[Captioned web image data]
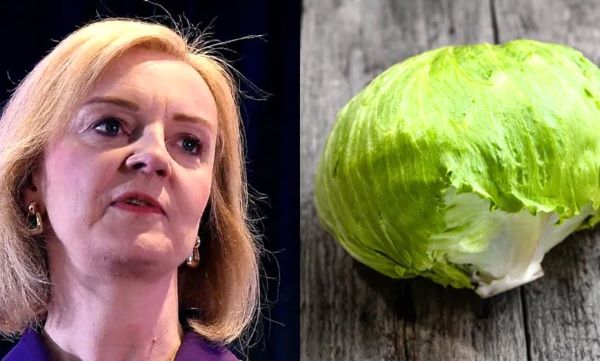 Лиз Трасс безмозлая капуста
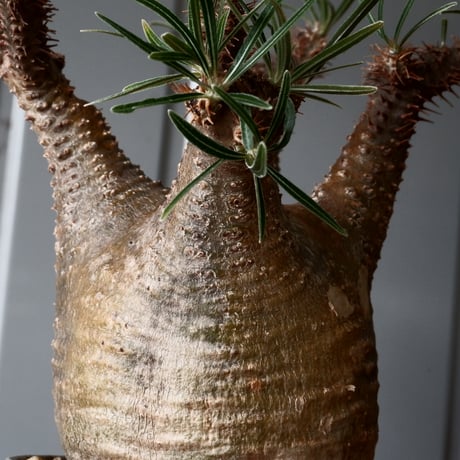 グラキリス φ7.5cm - 象牙宮 -［No.54］  × 磯部祐介 作「 彩 - sai - 」3号 植木鉢 笠間焼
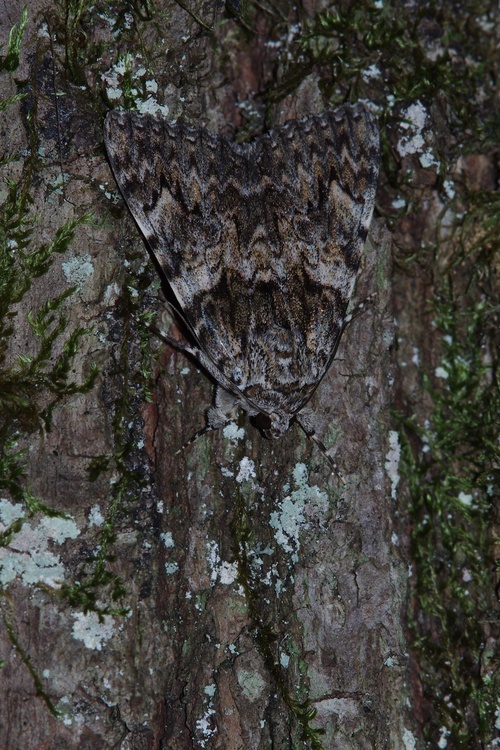 Catocala promissa.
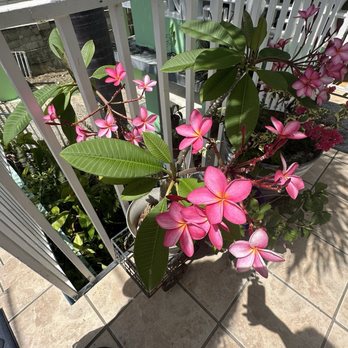 Las Vistas Cafe - Breakfast & Brunch Near Me - Fajardo, Puerto Rico Las Vistas Cafe - Breakfast & Brunch Near Me - Fajardo, Puerto Rico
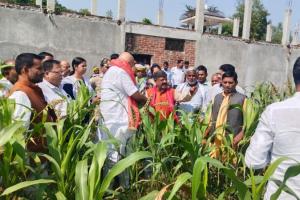 श्रीअन्न की खेती को बढ़ावा देने निकले कृषि मंत्री, किसानों से किया संवाद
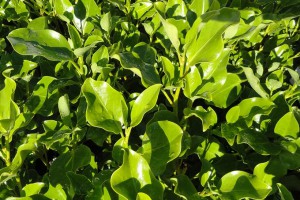 [Griselinia littoralis]. Image: Phil Bendle Collection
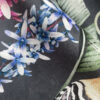 The hoopoe charcoal shimmer velvet on a textured black background with pops of colour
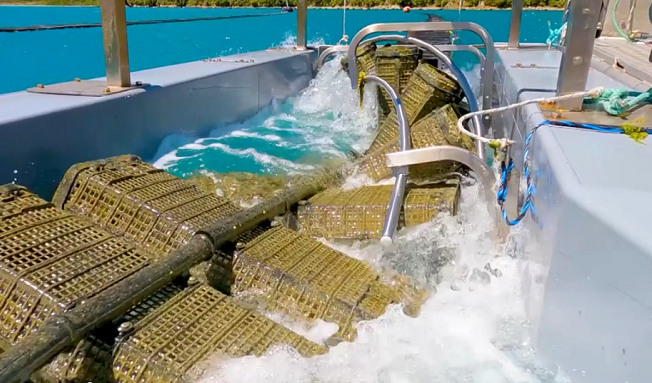 Oyster Farm How Does it Work Oyster Farm How Does it Work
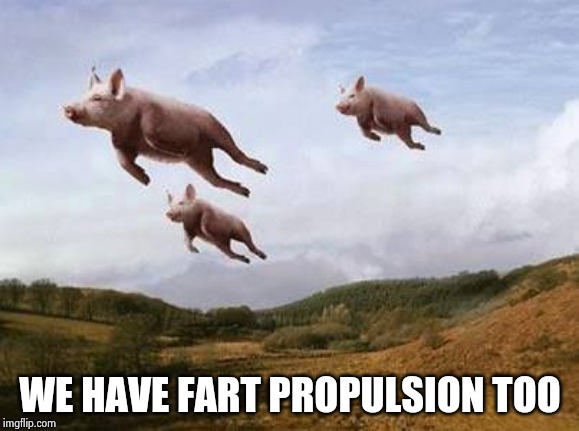 Pigs Fly | WE HAVE FART PROPULSION TOO | image tagged in pigs fly | made w/ Imgflip meme maker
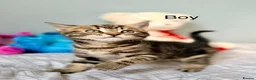 Mixed Breed cats for sale: Kittens - Advert 10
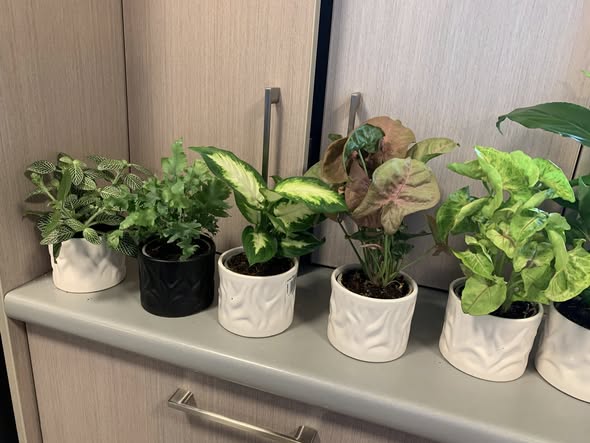 Mixed Pot Plants
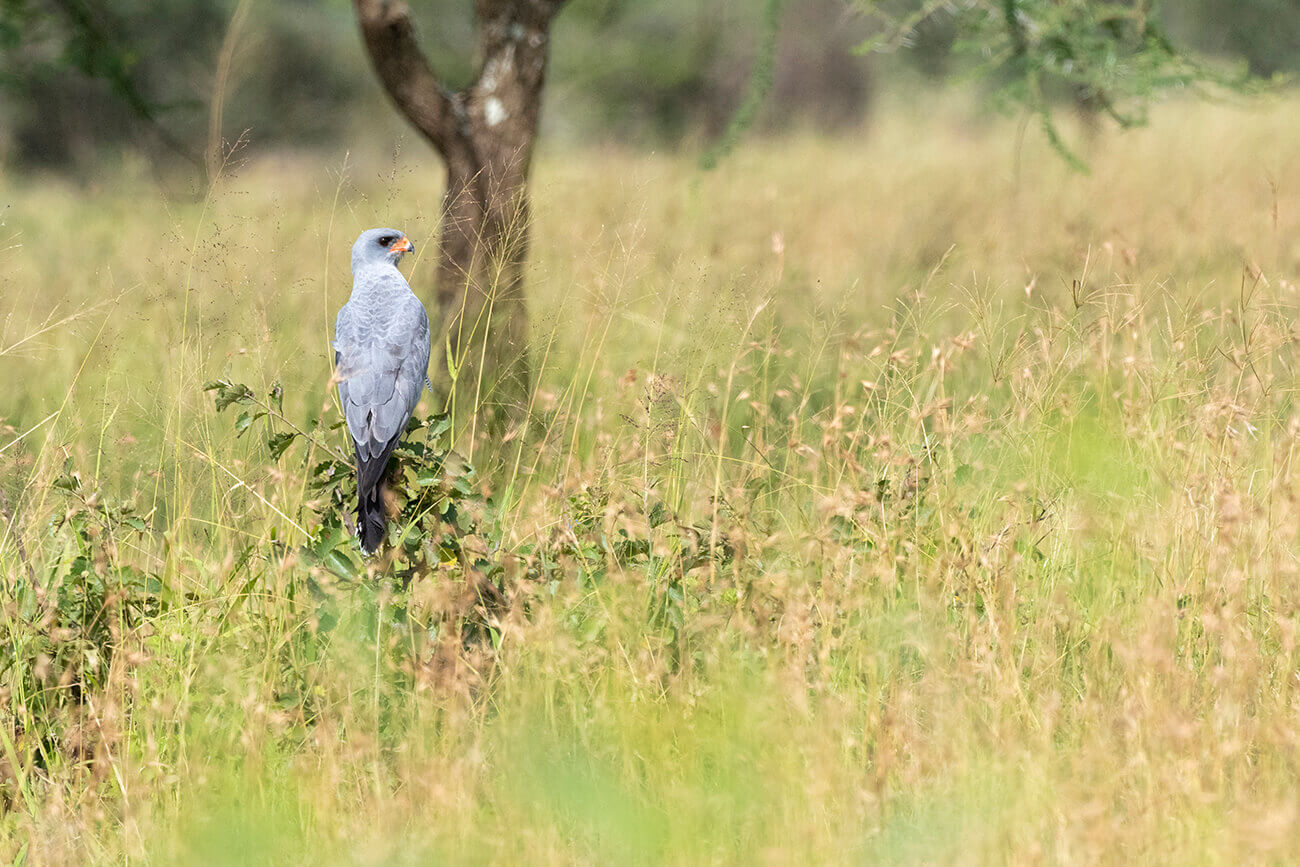 Un'aquila tra i cespugli del Serengeti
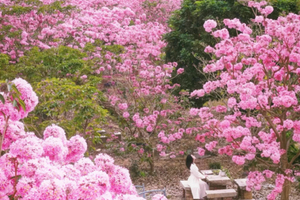 65元起！【万亩风铃木】12.21周日，打卡万亩紫花风铃木，行摄江门蒲葵园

→ **Work instructions**
Each line between the one holding "グラキリス φ7.5cm - 象牙宮" and the one holding "श्रीअन्न की खेती", inclusive, should be copied exactly as it appears above, and pictures should be omitted.

→ **Solution to the exercise**
 グラキリス φ7.5cm - 象牙宮 -［No.54］  × 磯部祐介 作「 彩 - sai - 」3号 植木鉢 笠間焼
 Catocala promissa.
 Las Vistas Cafe - Breakfast & Brunch Near Me - Fajardo, Puerto Rico Las Vistas Cafe - Breakfast & Brunch Near Me - Fajardo, Puerto Rico
 श्रीअन्न की खेती को बढ़ावा देने निकले कृषि मंत्री, किसानों से किया संवाद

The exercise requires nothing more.